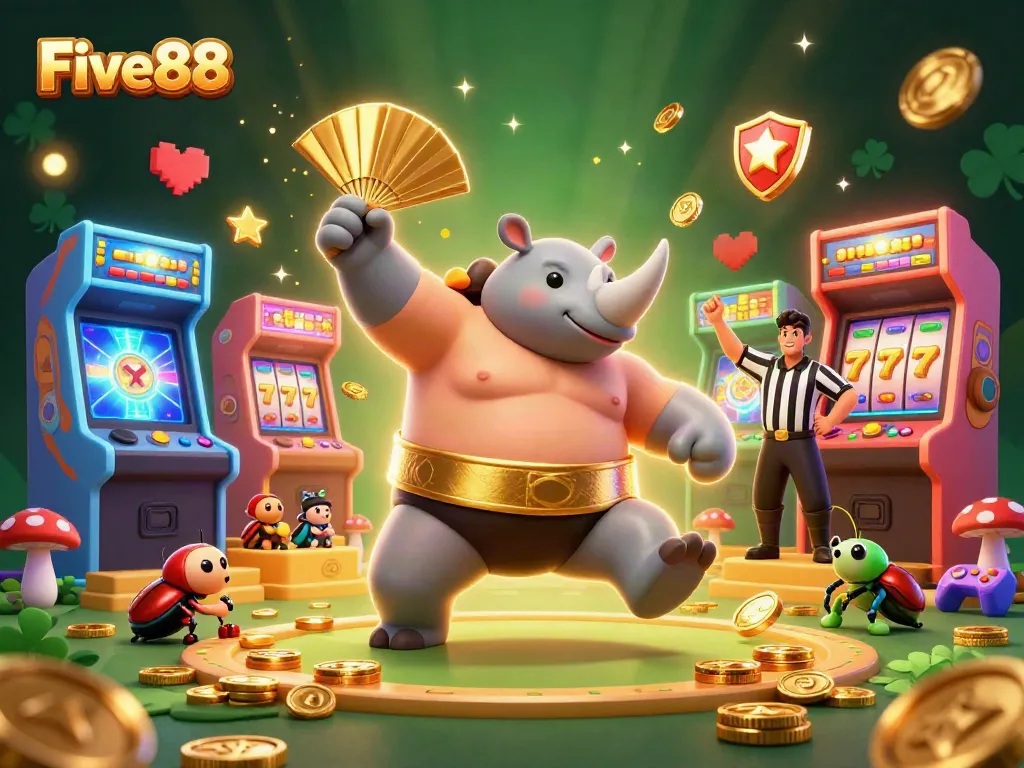 Five88 captivates players with a thrilling 3D scene showcasing a vibrant casino experience filled with exciting game elements.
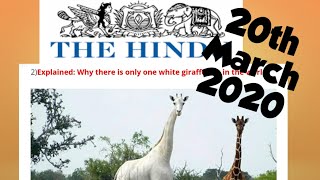 The Hindu Newspaper 20th March 2020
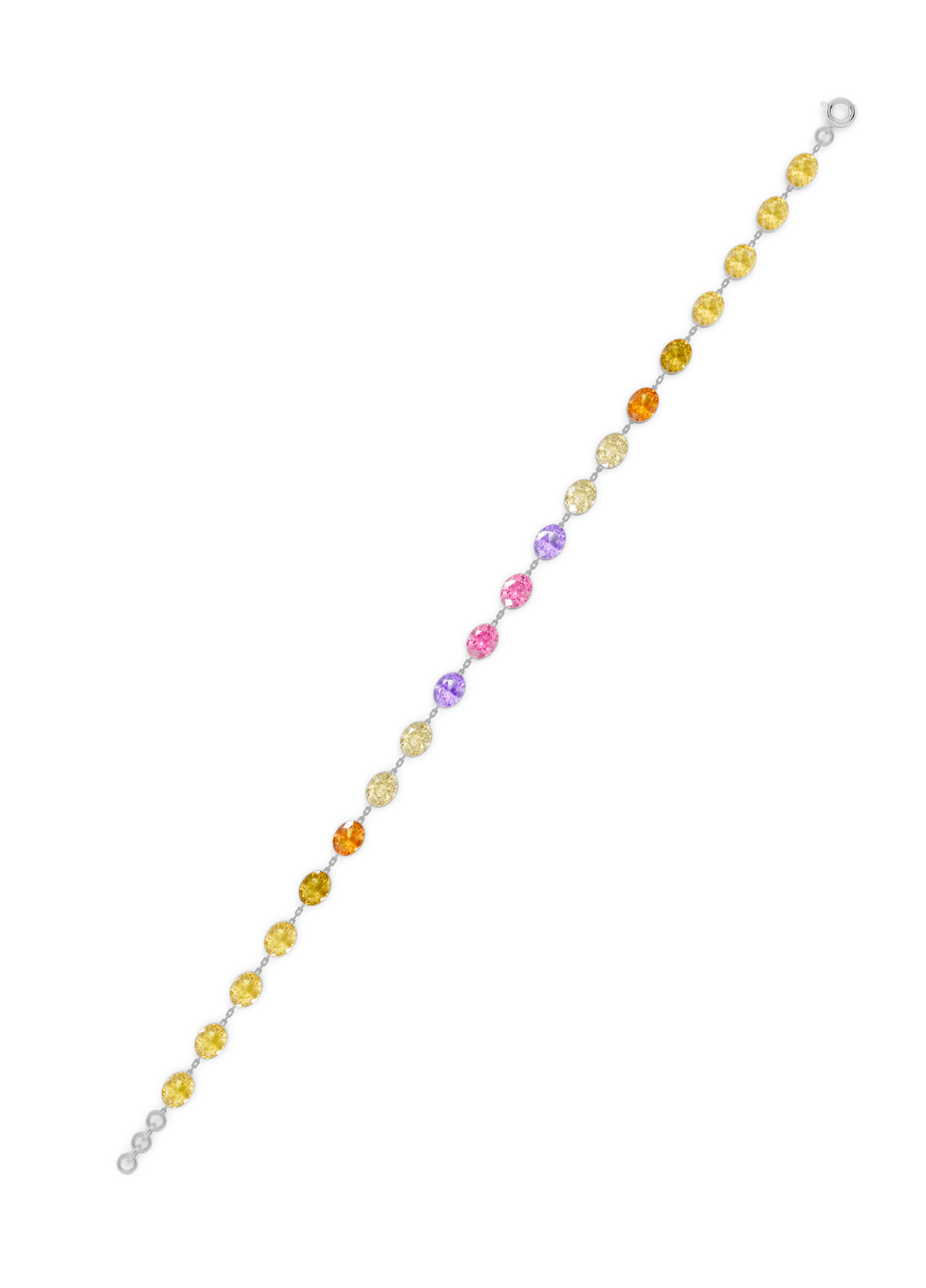 Multi-Color Sapphire Bezel-Set Bracelet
━━━━━━━━━━━━━━━━━━━━━━━━━━━━━━
— Exercise objective —
Would you copy out the data exactly, leaving every picture out?

— Solution below —
 Five88 captivates players with a thrilling 3D scene showcasing a vibrant casino experience filled with exciting game elements.
 The Hindu Newspaper 20th March 2020
 Multi-Color Sapphire Bezel-Set Bracelet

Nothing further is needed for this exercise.